Distracted Driving

It just makes sense that a person can’t text and drive a car at the same time. Distracted driving causes crashes, and people can get hurt or killed. That’s why responsible drivers don’t text and drive (or talk on the phone while driving), and they don’t allow other distractions to pull their attention from the road.

Distracted Driving Is Dangerous

According to the AAA Foundation for Traffic Safety, more than half of teen drivers reported using a cell phone while driving, and more than 1 in 4 reported typing or sending a text message while driving in the previous 30 days. When it’s time for you to get behind the wheel of a car, don’t let yourself be a distracted driver. And don’t ride with distracted drivers, either – safe driving comes first.

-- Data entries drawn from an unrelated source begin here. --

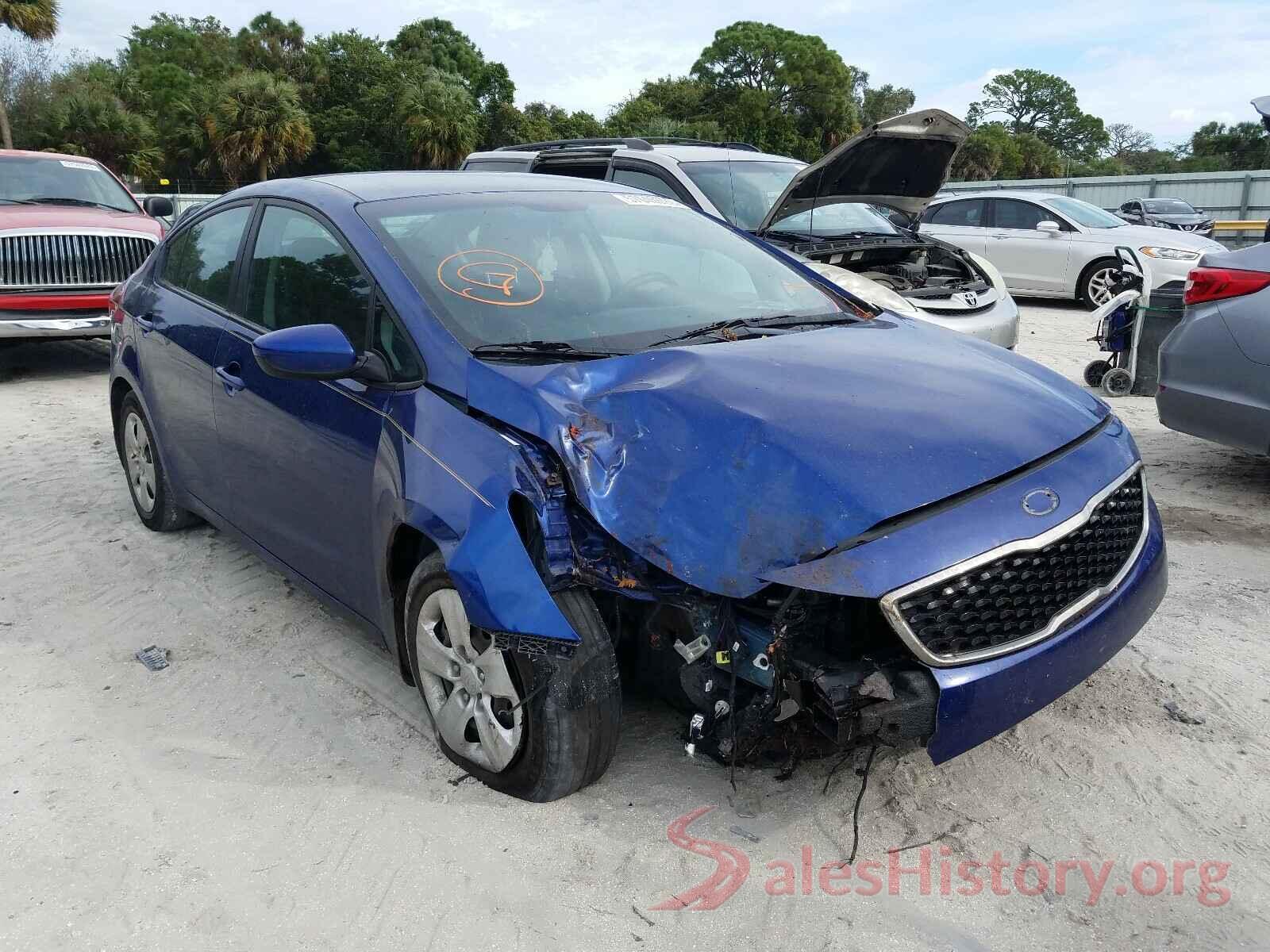 3KPFL4A76JE212933 2018 KIA FORTE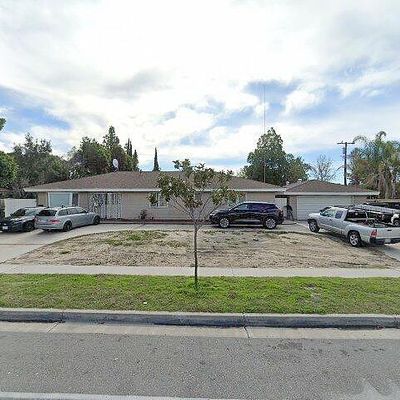 1572 W Orangewood Ave, Anaheim, CA 92802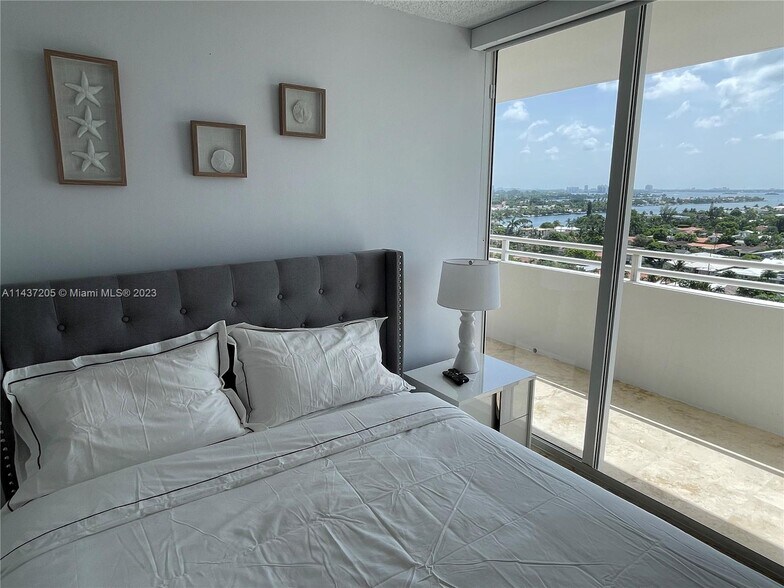 Building Photo - 8911 Collins Ave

State Distracted Driving Laws

Distracted driving could leave you responsible for a crash in which other people could be hurt or even killed. At the least, you could end up with a traffic ticket. In Illinois, drivers under age 19 with an instruction permit or initial driver’s license are banned from using any kind of wireless communication device while driving, including all handheld and hands-free cell phones and text messaging devices.  Possible consequences of a ticket include:

  • Fines
  • Suspended driving privileges
  • Attorney’s fees
  • Court costs
  • Insurance rate increases

The law does not single out teen drivers, either. Illinois has similar restrictions for adults, who may not text and drive or use a handheld cell phone while driving, or use any kind of cell phone, handheld or hands-free in a school zone or work zone.

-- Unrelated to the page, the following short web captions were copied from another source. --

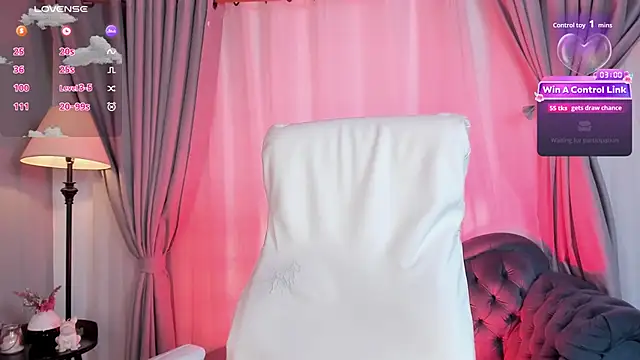 CoralineRicce  online show from January 8, 6:39 am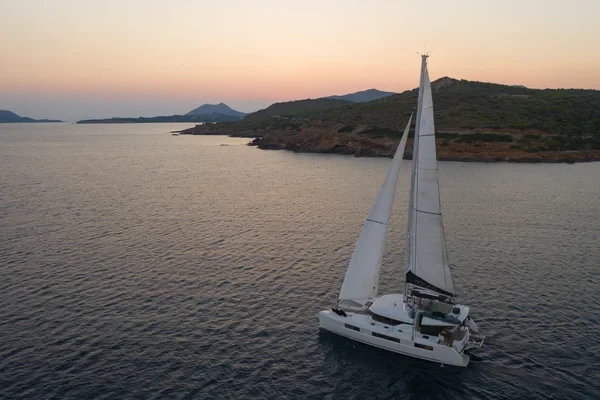 Lagoon 50 - Boatscribe.com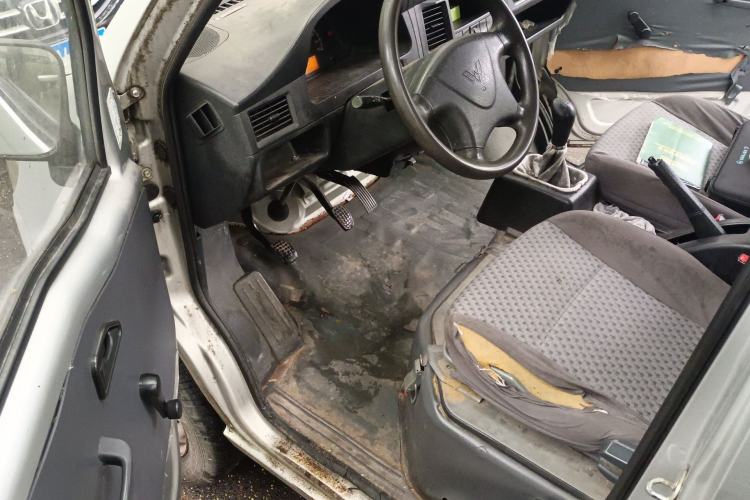 Used Wuling Zhiguang 2015 1.2L Practical LS-I Model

Electronic devices aren’t the only distractions a driver faces. Passengers can be distracting, too. This is one reason Illinois’ graduated driver licensing system allows no more than one non-family teen passenger under age 20 during the first year of driving.

Key Tips for Safe Driving

  • Distracted driving does not just involve cell phones and other wireless devices. Eating, drinking, chatting with a passenger, reading a map, personal grooming, reaching for objects or looking at people or objects unrelated to the driving task are all things that could lead to a crash.
  • As you get ready to learn to drive, ask your parents, driving instructor or other supervising driver how they minimize dangerous driving distractions and stay focused on driving.
  • Even as a passenger, you can help others avoid distractions. If you’re ever riding with friends who are texting, on a cell phone, speeding or otherwise behaving recklessly, speak up. Tell your friends to focus on safe driving, ask to help them manage the phone or, if they do not change their risky behavior, ask to be dropped off.